実は当時の値段表が残っていて見せていただきましたけれども、そのぐらい、正に世界でもそういうような差別化が何か日本酒にできないか。特に、今、ニューヨークで売られている日本産以外の清酒も、恐縮ながら日本産の清酒も、かなり船便で送っているものですから、飲んでみられたら分かるのですが、とてもじゃないけど、先ほど金子委員の言われたように、流通過程が不明で、封を切るまでどんな酒か分からないという状態が展開されています。そういう意味では、そういう地理的表示がされたようなものについては、少なくとも空輸で、その最後の流通、消費者の点まで、正に消費者の了解で安心して飲める状態を、業界としてもやってほしいというので、生販三層の勉強会等もさせていただいているわけでございます。やはり今までは造るところだけ一生懸命やっておられるのですが、飲む現場、金子委員の言われたようにそこがどんな担保をされているかが、残念ながら、日本酒はどうも確たるところができていないのではないか。そこをやはり我々としては全力でてこ入れしていきたい。その一つのツールとして、こういうような地理的表示みたいなもので何か改革ができないかという思いがあるということであります。
ですから、すぐにWTOの枠組みにできるわけではありませんから、それ自体が対抗できるとは思えませんけれども、しかし何らかの形で将来へ向けての布石ができればと。
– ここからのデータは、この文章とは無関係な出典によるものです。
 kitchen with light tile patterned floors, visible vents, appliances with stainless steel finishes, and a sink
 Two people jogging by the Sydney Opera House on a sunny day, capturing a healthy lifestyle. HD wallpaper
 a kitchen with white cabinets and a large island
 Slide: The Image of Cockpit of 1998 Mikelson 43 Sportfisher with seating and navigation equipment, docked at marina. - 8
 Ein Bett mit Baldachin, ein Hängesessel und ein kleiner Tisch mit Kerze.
当時の大正時代は、正に灘の生一本で、商標法もなければ何もない時代に、そうやって確立していたということ自体がやはりすごいなと感激したことがきっかけなのでございます。
津委員
そのことのために、この地理的表示以外の手というのは、何か具体的にお考えはあるのでしょうか。つまり、これだけではまだ、なかなか、今おっしゃられたようなことというのは、そこまでは届かないだろうとは思うのですけれども、それ以外のことというのは、何かありますのでしょうか。
大武国税庁長官
むしろ、後で皆さんに指摘をいただきたい。例えば販売管理者についても、何も未成年であるかどうかを確認するだけではないので、その人たちによってどういう売られ方をしているかということを確認する。
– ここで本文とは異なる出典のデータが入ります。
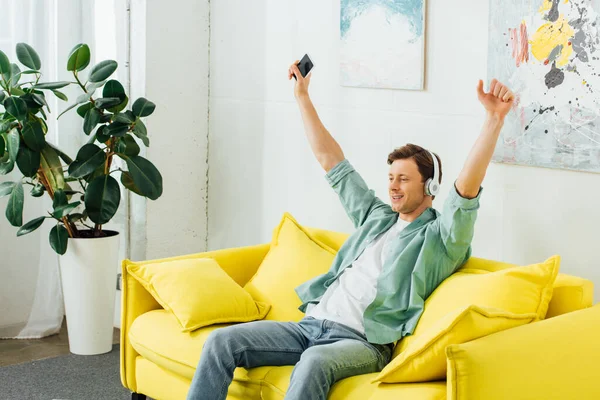 Excited Man Headphones Listening Music Holding Smartphone Couch Home — Stock Photo, Image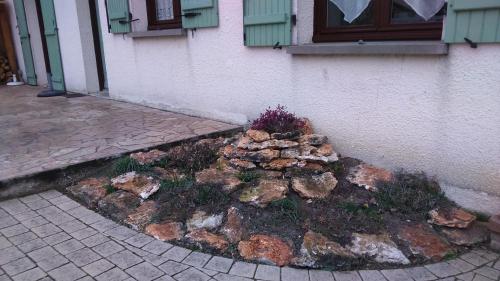 a rock garden in front of a building at L'écume du Cher in Bléré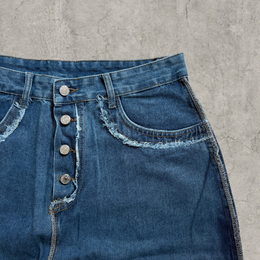 Wide-leg skater jeans in washed blue with raw hem.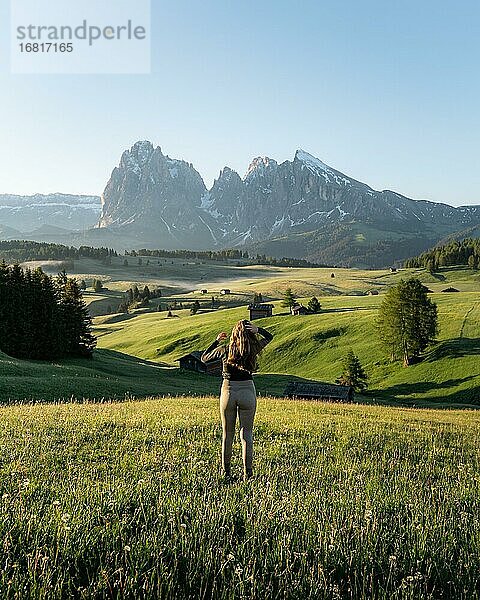 Frau steht auf Wiese  hinten Langkofel und Plattkofel  Seiser Alm  Südtirol  Italien  Europa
これからは、また別途説明していただければよろしいのですが、抜き打ち検査、いわゆるコンビニとか小売店に抜き打ち検査、つまり、それの試飲会をやって、今、本当に良い酒か悪い酒かというのを、単なる酒屋さんが自分で持ってきた、きき酒会ではない、むしろその現場から抜き打ちして、それの評価をするというようなことも考えておりまして、そういうことを徹底して、いずれは評価として外へ出していく。どこの店屋さんのどれはペケだ、どこは良いというようなことまで将来はむしろ酒類総研なりでやってもらったら良いのではないかと私どもは思っておりまして、この辺も生販三層を入れたところでやっていきたいと思っています。
ですから、そういう意味では、今まで造り手の側から議論してきたのを、先ほど金子委員の言われたように、消費者サイドからどういうふうに評価できるかということを全部この体系の中でいろいろな工夫をしていきたいと思っていまして、また、さらに補足していただければと思います。